-- Opening Marker --

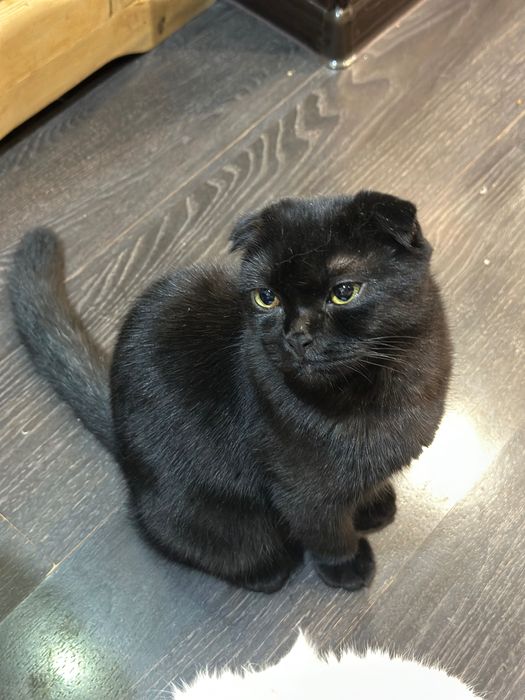 Пристраиваются котята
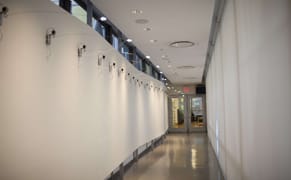 Art, Science and the Bastardization of Nature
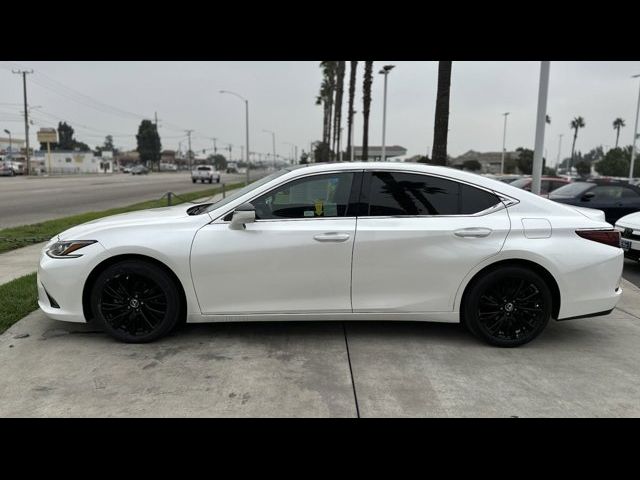 2019 Lexus ES 350 Luxury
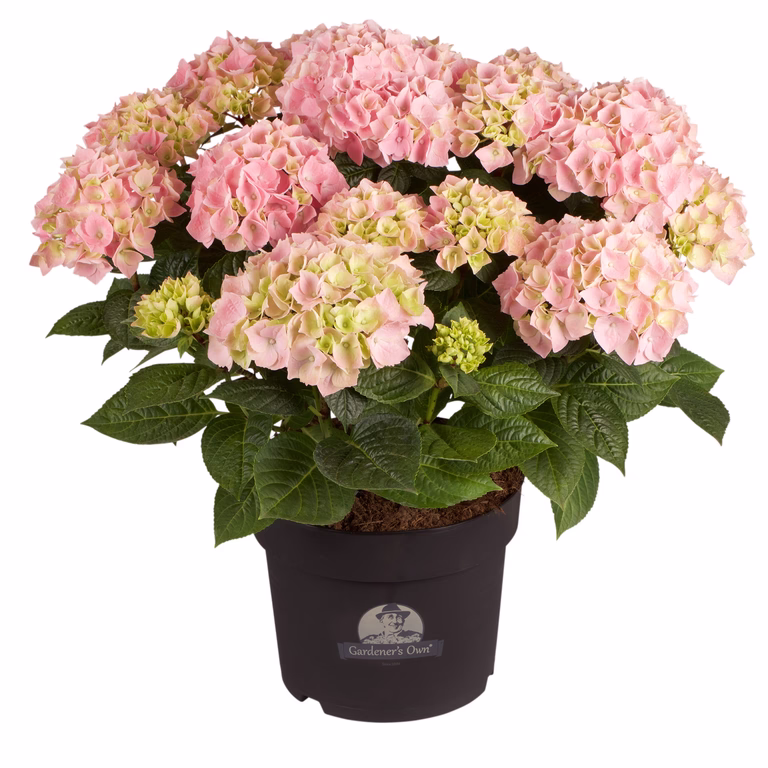 Hortensia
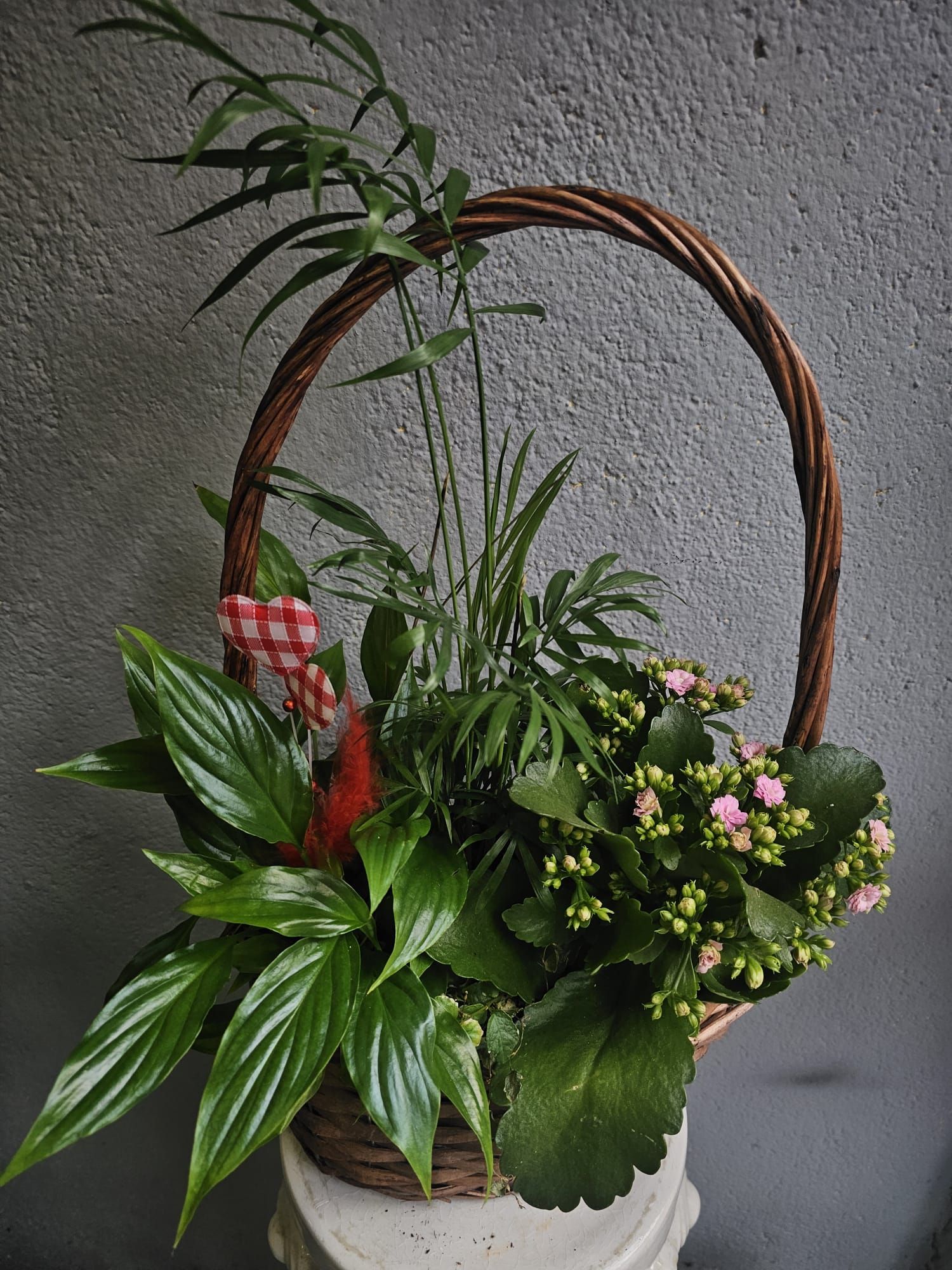 ​Cestas de Plantas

-- Closing Marker --

Work request: Only the lines from the one that contains "Art, Science and" to the end of the records, inclusive, are to be quoted exactly, with pictures excluded.

Solution for this exercise:
 Art, Science and the Bastardization of Nature
 2019 Lexus ES 350 Luxury
 Hortensia
 ​Cestas de Plantas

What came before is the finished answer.